[Dataset content]:
==================================================
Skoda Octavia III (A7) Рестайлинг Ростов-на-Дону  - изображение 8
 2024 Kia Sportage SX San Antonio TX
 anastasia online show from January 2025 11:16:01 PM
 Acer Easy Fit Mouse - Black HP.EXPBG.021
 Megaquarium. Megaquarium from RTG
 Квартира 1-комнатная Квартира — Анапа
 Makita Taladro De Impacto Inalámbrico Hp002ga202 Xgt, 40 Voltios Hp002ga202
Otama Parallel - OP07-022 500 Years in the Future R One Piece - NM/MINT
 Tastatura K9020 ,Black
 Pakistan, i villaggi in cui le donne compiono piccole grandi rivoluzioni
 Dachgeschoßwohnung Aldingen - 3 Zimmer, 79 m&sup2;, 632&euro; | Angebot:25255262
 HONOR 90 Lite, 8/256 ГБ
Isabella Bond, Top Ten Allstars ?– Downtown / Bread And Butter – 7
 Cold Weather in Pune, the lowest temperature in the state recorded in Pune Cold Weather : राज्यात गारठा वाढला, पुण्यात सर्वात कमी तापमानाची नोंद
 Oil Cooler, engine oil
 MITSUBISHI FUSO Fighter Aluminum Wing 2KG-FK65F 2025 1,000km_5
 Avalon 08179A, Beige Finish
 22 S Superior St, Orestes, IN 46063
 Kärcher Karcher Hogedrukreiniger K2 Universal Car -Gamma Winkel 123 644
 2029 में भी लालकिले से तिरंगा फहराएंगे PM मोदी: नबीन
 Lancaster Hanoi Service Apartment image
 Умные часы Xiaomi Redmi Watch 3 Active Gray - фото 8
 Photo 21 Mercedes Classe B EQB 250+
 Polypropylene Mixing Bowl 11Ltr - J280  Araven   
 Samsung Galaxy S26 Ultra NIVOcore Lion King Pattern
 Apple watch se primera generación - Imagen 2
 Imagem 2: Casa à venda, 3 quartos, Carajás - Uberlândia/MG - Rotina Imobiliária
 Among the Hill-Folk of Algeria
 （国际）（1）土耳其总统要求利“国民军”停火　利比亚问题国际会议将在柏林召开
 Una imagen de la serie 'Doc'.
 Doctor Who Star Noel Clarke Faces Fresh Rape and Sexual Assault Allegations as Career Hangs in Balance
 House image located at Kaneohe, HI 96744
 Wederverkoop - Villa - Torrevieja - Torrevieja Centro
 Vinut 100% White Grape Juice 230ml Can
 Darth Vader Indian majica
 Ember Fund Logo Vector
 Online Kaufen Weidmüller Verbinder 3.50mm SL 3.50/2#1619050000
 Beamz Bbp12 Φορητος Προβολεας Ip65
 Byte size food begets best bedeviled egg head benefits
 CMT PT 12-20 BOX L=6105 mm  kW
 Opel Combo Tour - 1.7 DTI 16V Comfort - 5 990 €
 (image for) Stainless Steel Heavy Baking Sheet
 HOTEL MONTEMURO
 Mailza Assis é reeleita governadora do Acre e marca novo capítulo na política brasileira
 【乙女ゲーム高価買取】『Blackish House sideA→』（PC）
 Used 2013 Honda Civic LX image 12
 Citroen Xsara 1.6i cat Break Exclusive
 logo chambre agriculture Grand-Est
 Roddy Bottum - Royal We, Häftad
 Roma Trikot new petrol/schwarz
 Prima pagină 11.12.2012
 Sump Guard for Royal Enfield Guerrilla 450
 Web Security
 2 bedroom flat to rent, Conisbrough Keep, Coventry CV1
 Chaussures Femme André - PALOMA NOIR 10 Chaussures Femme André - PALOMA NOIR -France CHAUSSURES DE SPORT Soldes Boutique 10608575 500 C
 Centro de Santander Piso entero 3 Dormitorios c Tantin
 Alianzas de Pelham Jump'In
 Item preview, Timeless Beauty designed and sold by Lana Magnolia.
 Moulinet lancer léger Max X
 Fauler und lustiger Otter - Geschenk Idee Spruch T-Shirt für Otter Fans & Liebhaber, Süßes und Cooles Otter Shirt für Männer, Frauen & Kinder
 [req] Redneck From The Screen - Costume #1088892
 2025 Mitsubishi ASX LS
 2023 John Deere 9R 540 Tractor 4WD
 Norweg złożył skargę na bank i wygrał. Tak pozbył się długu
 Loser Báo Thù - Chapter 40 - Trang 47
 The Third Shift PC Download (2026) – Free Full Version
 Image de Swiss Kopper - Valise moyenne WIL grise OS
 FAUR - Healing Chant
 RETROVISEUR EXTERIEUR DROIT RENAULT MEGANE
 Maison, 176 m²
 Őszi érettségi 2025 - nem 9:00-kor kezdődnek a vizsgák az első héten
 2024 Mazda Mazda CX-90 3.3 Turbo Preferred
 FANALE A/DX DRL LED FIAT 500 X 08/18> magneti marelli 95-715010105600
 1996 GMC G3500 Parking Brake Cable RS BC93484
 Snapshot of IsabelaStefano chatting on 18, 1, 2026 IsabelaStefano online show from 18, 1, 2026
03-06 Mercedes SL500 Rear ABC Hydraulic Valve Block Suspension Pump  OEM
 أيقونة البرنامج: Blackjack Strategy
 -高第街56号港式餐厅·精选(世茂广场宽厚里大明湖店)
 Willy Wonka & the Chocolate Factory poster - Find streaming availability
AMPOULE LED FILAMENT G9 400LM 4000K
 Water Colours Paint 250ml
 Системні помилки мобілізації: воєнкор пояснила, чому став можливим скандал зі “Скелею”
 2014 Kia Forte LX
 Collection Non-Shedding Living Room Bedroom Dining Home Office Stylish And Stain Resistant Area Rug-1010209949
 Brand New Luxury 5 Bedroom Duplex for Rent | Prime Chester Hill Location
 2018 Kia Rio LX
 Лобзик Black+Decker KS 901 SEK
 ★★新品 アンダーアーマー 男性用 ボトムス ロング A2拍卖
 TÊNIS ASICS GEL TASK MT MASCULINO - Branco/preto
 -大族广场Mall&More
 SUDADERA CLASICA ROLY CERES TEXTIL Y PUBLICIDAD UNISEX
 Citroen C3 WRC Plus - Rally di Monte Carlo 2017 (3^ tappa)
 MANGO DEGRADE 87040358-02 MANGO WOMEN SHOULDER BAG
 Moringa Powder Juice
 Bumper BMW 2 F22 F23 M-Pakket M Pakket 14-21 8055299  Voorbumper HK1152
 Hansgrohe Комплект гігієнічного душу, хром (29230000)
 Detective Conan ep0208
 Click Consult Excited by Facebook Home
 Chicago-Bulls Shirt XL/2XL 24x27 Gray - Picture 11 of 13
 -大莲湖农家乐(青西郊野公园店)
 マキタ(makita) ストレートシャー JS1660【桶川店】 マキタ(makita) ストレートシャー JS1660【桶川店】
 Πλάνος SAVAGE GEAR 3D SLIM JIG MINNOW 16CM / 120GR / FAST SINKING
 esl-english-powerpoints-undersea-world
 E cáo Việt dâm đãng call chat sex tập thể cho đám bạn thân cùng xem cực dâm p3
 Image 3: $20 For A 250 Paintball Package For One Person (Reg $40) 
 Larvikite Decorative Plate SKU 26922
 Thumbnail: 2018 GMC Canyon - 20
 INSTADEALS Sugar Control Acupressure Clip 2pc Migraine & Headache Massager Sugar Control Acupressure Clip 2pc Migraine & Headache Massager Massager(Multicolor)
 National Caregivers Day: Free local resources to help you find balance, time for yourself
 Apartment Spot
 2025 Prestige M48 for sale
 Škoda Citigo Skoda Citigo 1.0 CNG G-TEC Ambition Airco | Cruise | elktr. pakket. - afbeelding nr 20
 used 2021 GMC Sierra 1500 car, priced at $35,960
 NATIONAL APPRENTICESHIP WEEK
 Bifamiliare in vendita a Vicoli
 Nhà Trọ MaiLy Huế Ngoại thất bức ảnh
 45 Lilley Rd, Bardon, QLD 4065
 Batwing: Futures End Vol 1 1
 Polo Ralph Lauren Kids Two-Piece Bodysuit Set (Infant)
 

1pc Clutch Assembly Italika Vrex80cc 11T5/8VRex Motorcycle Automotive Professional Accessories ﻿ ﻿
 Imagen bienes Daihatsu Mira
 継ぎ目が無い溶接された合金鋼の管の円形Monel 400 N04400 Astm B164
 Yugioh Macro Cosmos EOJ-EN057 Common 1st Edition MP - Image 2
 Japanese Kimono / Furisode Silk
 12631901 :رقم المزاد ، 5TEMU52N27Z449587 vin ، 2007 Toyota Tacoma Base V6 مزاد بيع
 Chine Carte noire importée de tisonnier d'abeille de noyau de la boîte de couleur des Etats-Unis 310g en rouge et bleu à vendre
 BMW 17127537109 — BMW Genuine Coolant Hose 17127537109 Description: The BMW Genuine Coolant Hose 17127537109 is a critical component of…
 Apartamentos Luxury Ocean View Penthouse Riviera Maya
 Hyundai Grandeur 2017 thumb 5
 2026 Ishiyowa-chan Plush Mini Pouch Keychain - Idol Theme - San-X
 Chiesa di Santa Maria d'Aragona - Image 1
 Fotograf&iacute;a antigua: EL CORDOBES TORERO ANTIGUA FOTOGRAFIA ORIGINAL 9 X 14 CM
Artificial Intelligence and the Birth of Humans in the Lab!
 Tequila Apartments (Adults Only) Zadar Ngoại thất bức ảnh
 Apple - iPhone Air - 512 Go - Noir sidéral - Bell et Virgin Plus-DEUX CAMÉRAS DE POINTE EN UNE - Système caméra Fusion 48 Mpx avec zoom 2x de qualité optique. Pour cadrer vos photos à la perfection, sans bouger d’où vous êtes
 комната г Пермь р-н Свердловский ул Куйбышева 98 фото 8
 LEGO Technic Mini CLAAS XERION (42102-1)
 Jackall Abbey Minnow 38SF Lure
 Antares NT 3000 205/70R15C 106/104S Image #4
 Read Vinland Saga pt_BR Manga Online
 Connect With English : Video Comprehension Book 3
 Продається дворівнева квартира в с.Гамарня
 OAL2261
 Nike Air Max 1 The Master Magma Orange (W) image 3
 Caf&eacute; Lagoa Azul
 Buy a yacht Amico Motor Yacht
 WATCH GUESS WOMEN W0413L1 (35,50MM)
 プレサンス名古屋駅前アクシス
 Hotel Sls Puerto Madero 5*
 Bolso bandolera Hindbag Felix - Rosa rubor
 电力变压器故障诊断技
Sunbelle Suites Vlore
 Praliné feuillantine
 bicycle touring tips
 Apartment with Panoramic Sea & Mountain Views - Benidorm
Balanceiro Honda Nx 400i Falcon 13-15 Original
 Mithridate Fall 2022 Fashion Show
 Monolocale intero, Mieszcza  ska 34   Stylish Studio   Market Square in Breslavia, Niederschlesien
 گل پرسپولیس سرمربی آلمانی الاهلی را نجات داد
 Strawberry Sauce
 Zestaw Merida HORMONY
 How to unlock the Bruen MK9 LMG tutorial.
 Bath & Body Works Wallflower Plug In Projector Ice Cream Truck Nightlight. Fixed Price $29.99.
==================================================
[What is needed]: Please say how many lines in the records above contain the word "thất", and give only that number.

[Response]: 2